Media scholars Sabrina Sauer and Berber Hagedoorn, principal researchers of the NarDis project, investigate in their contribution how to trace back the creation of stories or narratives of disruptive events by television, newspapers and radio reports and how these are instilled with specific cultural-political meanings. They look at how researchers tell stories about two specific disruptive events, namely the assassination of Dutch politician Pim Fortuyn and the North Sea flood of 1953, based on nine user sessions with the Media Suite. They elaborately discuss the steps and challenges that their participants encountered when using the former DIVE+ recipe24 (currently named Explore Tool) and an early version of the Comparative Search recipe (currently named Compare Tool) in the Media Suite. In their final section, they outline pathways for future functionalities, and make a strong plea for the incorporation of more collections and especially collections in linked open data format that can be used across tools.

Figure 2 

Researchers at work with the CLARIAH Media Suite. Photo taken at CLARIAH Summerschool organised at Netherlands Institute for Sound and Vision in the Summer of 2018 (CC BY 2.0 Sebastiaan Ter Burg).

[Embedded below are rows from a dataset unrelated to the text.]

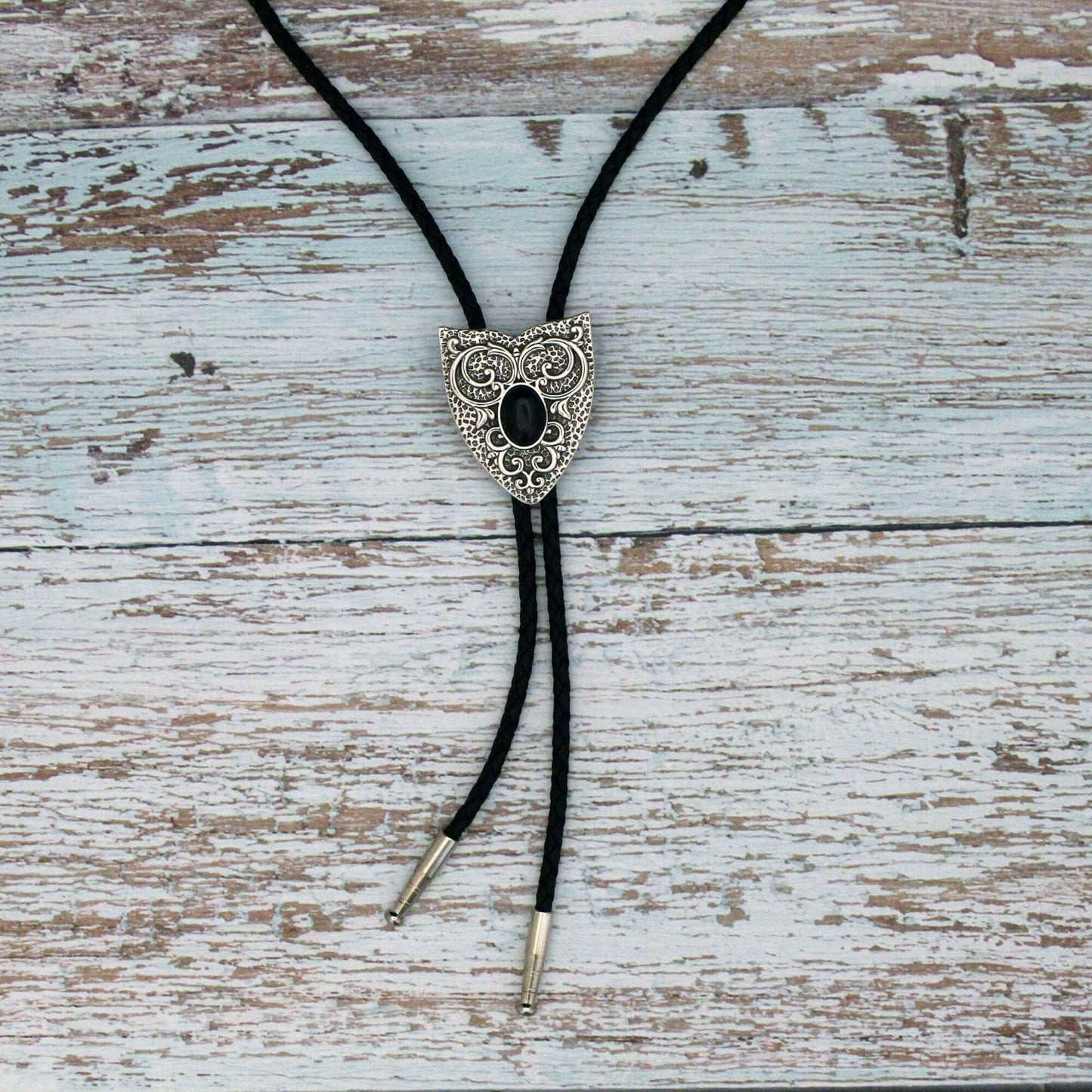 Decorative bolo tie on a wooden surface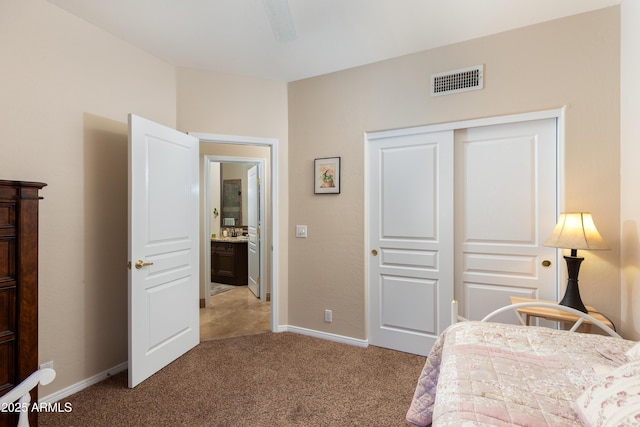 carpeted bedroom with a closet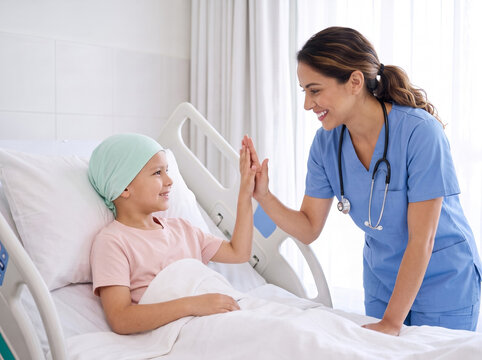 female hispanic doctor in scrubs giving cheerful high five to child patient in hospital bed during cancer recovery for healthcare campaign ad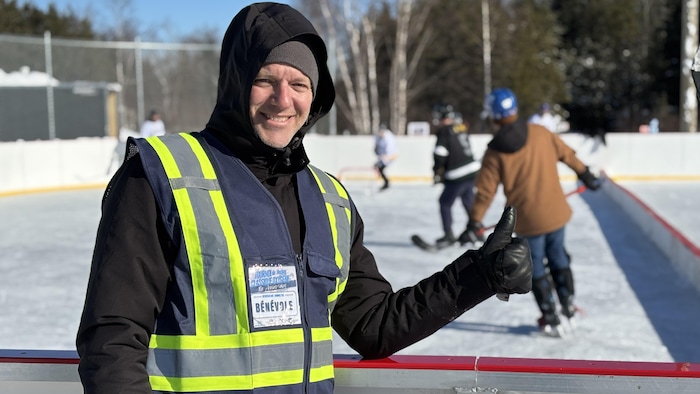 Un homme en veste réfléchissante sourit, le pouce en l'air, devant une patinoire où des gens jouent au hockey.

Lastly, journalism scholars Mark Vallinga, Frank Harbers and Marcel Broersma, the research team of the ReSpoNs project, investigated how sports journalism in newspapers has changed in response to the rise of television between 1959 and 1989. They show how they worked with the first versions of the Compare tool in the Media Suite and with Delpher25 as one of their main collections were newspapers. In their article, they compare challenges and pitfalls by juxtaposing the textual newspaper collection and the audiovisual television collection. They make recommendations on how an improved Compare Tool can do better justice to the specificities of these collections, and how this in the end could lead to cross-media research within one infrastructure. By the time of this publication, the CLARIAH Media Suite is fully functional and aimed to be sustained at least for the forthcoming decade. The pilot projects have been conducted with Media Suite version 2 and 3, whereas presently version 6.1 is available.26 The majority of the needs envisioned by the research pilot scholars in their contributions, therefore, are already implemented in the new versions of the Media Suite. This included, for example, the option to do comparative research across the Radio and Television collections and newspaper collections, which is now possible via the Compare tool, and the integration of ASR (automatic speech recognition) transcriptions for a large part of the Radio and Television collection, which now can be searched in an equivalent of full text search for the newspapers in Delpher. Other wishes will be possible with the implementation of Jupyter Notebooks that will enable direct work with the data from these collections.27 We invite all readers of TMG Journal for Media History to explore the methodological reflections in this dossier and to visit the Media Suite via mediasuite.clariah.nl to dive into the various audiovisual collections and digital tools. Ideally, this will result in new use cases and user requirements that will inform the future improvement of the Media Suite as a core infrastructural facility for researchers studying audiovisual collections and related materials.